# Miss my machine now.



## woodchuck2 (Feb 27, 2008)

Last fall my mini-ex overheated on me with no notice of any problems a blew the head gasket. Being a grey market machine getting parts was a nightmare so i opted to sell it to the local junkie. He now uses it in his scrap yard but he does not use it long enough to get hot. I had a standby generator i gave an estimate for last fall and had already signed the contract so i was stuck with the price i quoted for installation. Due to the waiting period to receive the generator and the deep frost we had i opted to wait until this spring to install it. Since i no longer had my own machine i asked a friend to dig the ditch for the wiring and gas line. He just left his job and started his own business so i figured i would help him out. He runs a 9k lb Kubota 321 mini-ex and he is a very good operator. I mentioned to him that the owner may want other work done so he should try to sell himself to pick up more work and since he charges $600 for an 8hr day he might get a full days work. 

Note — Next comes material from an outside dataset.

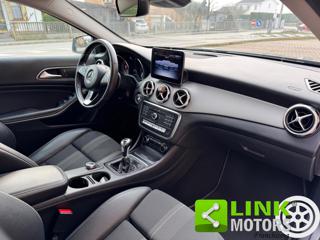 MERCEDES-BENZ GLA 180 usata, con Cronologia tagliandi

I described to him that the ditch i needed dug was a little over 90' and i wanted it about 18" deep. I told him i rounded the ditch off to 100' and that i usually charged $3 per foot on the average. He was like, "well i would like a little more than just $300, lets make it $400" . I said alright but this money was coming out of my profit as i already signed a contract. So the day before the dig i go to the job and pre run my wires in conduit and i sleeve the gas line in conduit so it all ready to go. The customer comes out and says she changed her mind on the location and moved it about 100' to the side of the home where it would be located only 50' from the home in a direct line to the service. She said not to worry about the extra wire that i had ordered and i could keep it :thumbsup:. So my friend shows up the next day, we BS with the owner a bit and we get to work. An hour later we are done so i mention to the owner that my friend can do some of the other work she had mentioned to me such as pulling some stumps and pulling large stones from the lawn. She and my friend walk around the next hour and she gets him a full days work. So i give my friend a hand loading his machine and i ask him how much did i owe him thinking it would be less since he only had to dig a 50' ditch. He was like, "the same we agreed on" 

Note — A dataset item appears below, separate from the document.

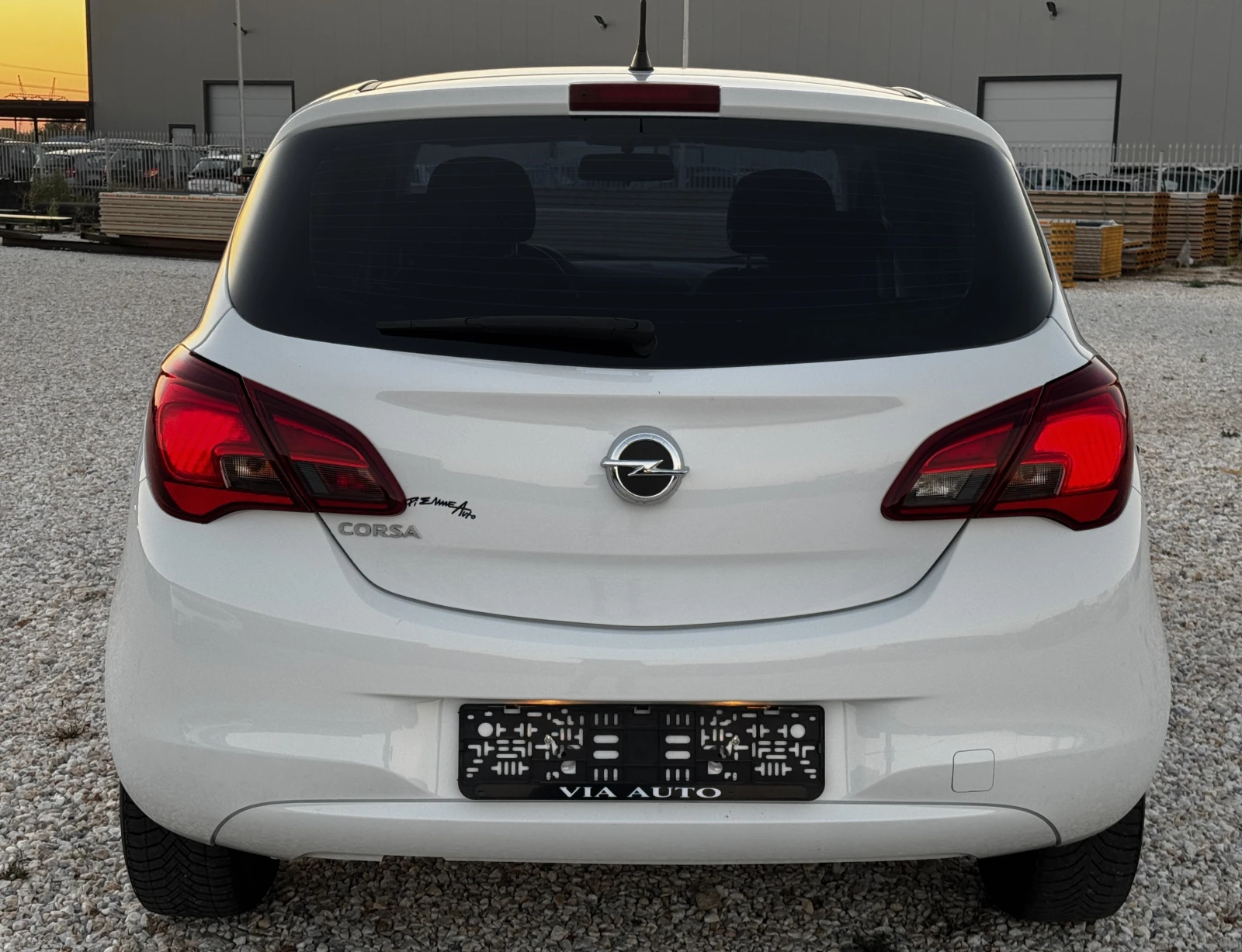Opel Corsa 1.4i bi-color METAN EU-6, снимка 5 - Автомобили и джипове - 56144789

I kept my composure, paid him and sent him on his way. I guess some friends show their true colors when all the sudden they see you as possible competition and take advantage when your in a bind. He was there a total of 3hrs, total work time was about 1hr and the rest was BS time with me and the owner drumming up more work. Even if he charged 1/2 day of what he normally charges it should have been only $300. But $400.00 to dig a 50' ditch and backfill??? Never again. With those type of billing practices i do not see him in business very long.


----------



## rino1494 (Jan 31, 2006)

I am on the side with you. We do stuff all the time where is turns out to be less work and we knock money off the price. He should have cut you a break, since you were helping him out in the end. Friends need to work together. 

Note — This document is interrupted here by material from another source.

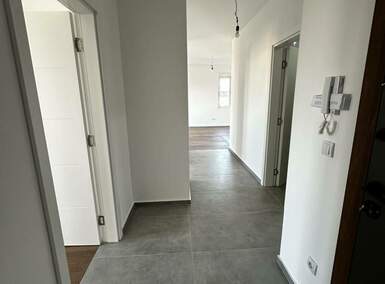 Dvoiposoban stan, Ub | Prodaja · 61m² · 103.600€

Some may disagree, saying that he needs to cover his overhead....blah, blah, blah. In the end, it is greed and now he just lost some possible future work with you. If it wasn't for you, he would have been sitting at home on the couch.


----------



## Gary H (Dec 10, 2008)

I agree with rino, on this. You got thim the work, he just started out and could use the good contact you are. I can see the operaters view as he told you $400. He is looking at the money, instead of a source of income from you. And we all know how important contacts are in this poor econamy. 

You cant really say look I got you all this work, because then it looks like you are whinning. Your new ex- digger should have cut you a deal, because he made out just the same. The reason being is that you would push work his way, or aleast get the chance to bid on it. To make up any loss on that one job, he could add a little to another job, or just say fu** it, and live with the thought that he got a good contact and helped you out.


----------



## S.R.E. (Apr 8, 2010)

For 400.00 you should have been able to rent a machine and do it yourself. Then you could have picked up the extra work from the homeowner. That would have been all gravy.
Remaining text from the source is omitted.